Querying a Vertica data source in Amazon Athena using the Athena Federated Query SDK

BD-1130-1.jpg

The ability to query data and perform ad hoc analysis across multiple platforms and data stores with a single tool brings immense value to the big data analytical arena. As organizations build out data lakes with increasing volumes of data, there is a growing need to combine that data with large amounts of data in other data stores. As the variety of data increases, it becomes paramount to have a query tool to bridge two or more data stores with a single query.
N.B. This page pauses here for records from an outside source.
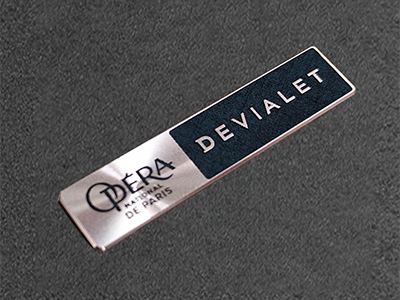 Aluminum nameplate with CD-pattern finish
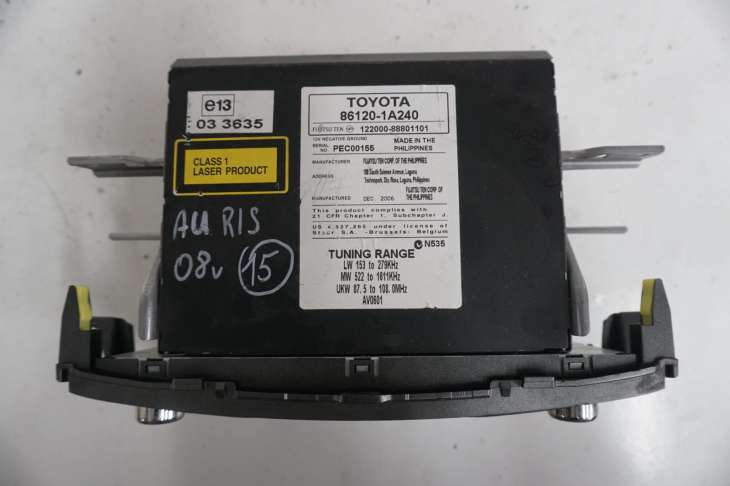 Toyota Auris 2008r Radio Cd Mp3 86120-1a240 - Image 2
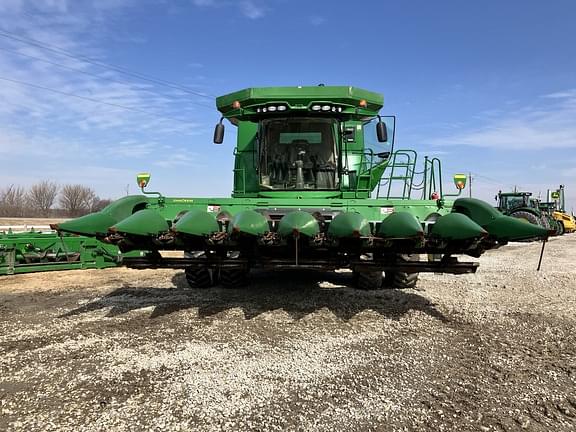Image of John Deere 708C equipment image 3
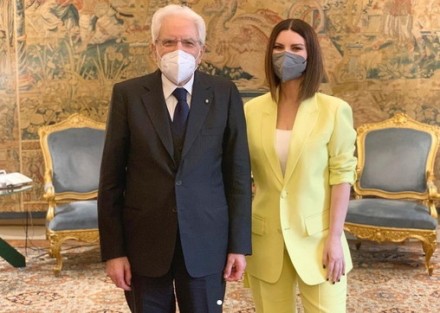 Laura Pausini accolta da Sergio Mattarella: 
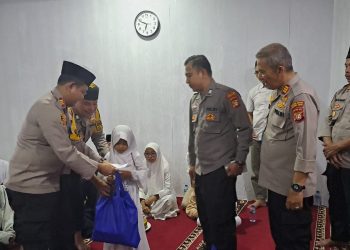 Perkuat imam taqwa, Polsek Duren Sawit gelar doa dan yasinan sekaligus santunan anak yatim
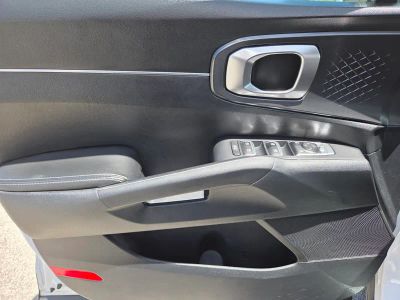 2024 Kia Sorento — photo 26 view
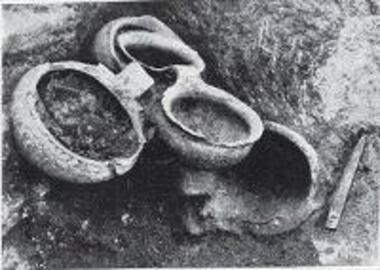 Κτερίσματα στον θαλαμοειδή τάφο Κεφαλόβρυσου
Even though data lakes became popular for analytic workloads recently, it’s not uncommon to have data warehouses in addition to data lakes for various reporting and business intelligence (BI) use cases. It becomes imperative to be able to seamlessly query the data stored in the data warehouse and the data lake. To address this issue, Amazon Athena has released a feature called Athena Federated Query. Athena is an interactive query service provided by AWS that makes it easy to analyze data in Amazon Simple Storage Service (Amazon S3) using standard SQL. Vertica is a columnar MPP database platform that can be deployed in the cloud or on premises, and supports exabyte scale data warehouses. With Athena Federated Query and the Vertica connector, you can now run analytical queries over a data warehouse on Vertica and a data lake in Amazon S3.
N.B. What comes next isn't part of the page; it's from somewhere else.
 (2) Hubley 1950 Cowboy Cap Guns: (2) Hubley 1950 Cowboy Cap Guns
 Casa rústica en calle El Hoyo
Athena Federated Query includes pre-built connectors to a variety of AWS services and databases, as well as an SDK to build custom connectors to other databases and data stores. With this feature, federated queries can pull data from a data lake in an S3 bucket and from an external data source, and then combine it into a single result set in Athena. These connectors are an extension of the Athena query engine, which translates content between Athena and the external data source. Pre-built connectors exist for Amazon CloudWatch Logs, Amazon DynamoDB, Amazon DocumentDB (with MongoDB compatibility), and Amazon Relational Database Service (Amazon RDS), as well as a JDBC connector for Amazon Redshift, MySQL, and PostgreSQL. For other types of relational databases, you can use the Athena Federated Query SDK to create a custom connector.

In this post, we demonstrate how to deploy the custom connector between Athena and a Vertica database built using the Athena Federated Query SDK. After deploying the custom connector, we demonstrate issuing federated queries and moving data from Vertica to a data lake using CREATE TABLE AS (CTAS) with a federated query.

AWS services used in the solution

The Athena Federated Query SDK is an open-source framework to build custom connectors, and comes with a connector publish tool that deploys the connector executables in an application to the AWS Serverless Application Repository. The Athena Federated Query uses an AWS Lambda function that in turn uses the application deployed to the AWS Serverless Application Repository.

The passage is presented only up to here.